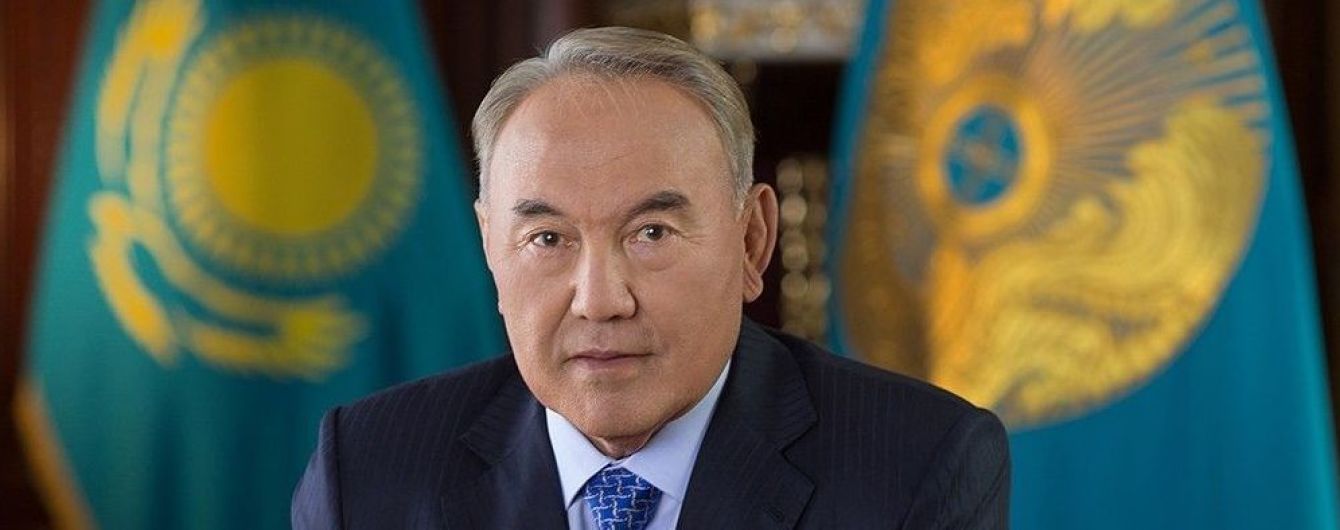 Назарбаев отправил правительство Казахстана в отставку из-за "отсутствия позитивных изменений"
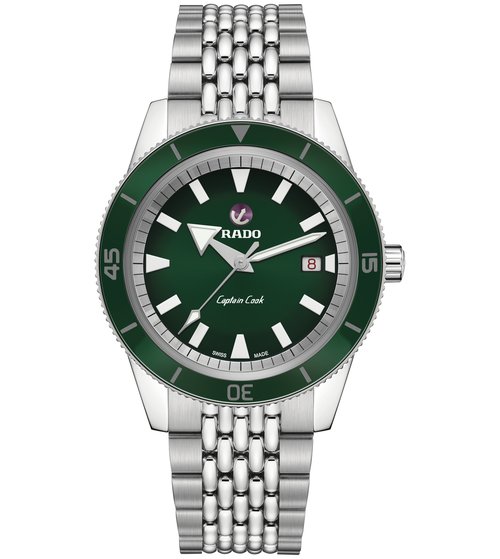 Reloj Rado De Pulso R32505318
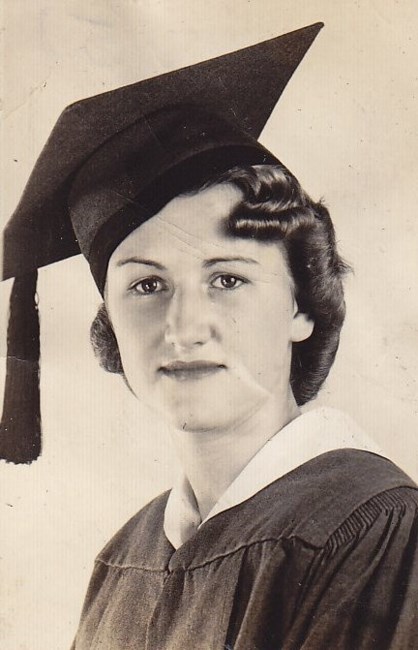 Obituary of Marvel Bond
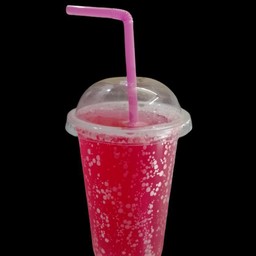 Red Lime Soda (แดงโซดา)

────────────────

REQUIRED WORK:
Return the listing above in full and without alteration, excluding its pictures.

EXERCISE RESPONSE:
 Назарбаев отправил правительство Казахстана в отставку из-за "отсутствия позитивных изменений"
 Reloj Rado De Pulso R32505318
 Obituary of Marvel Bond
 Red Lime Soda (แดงโซดา)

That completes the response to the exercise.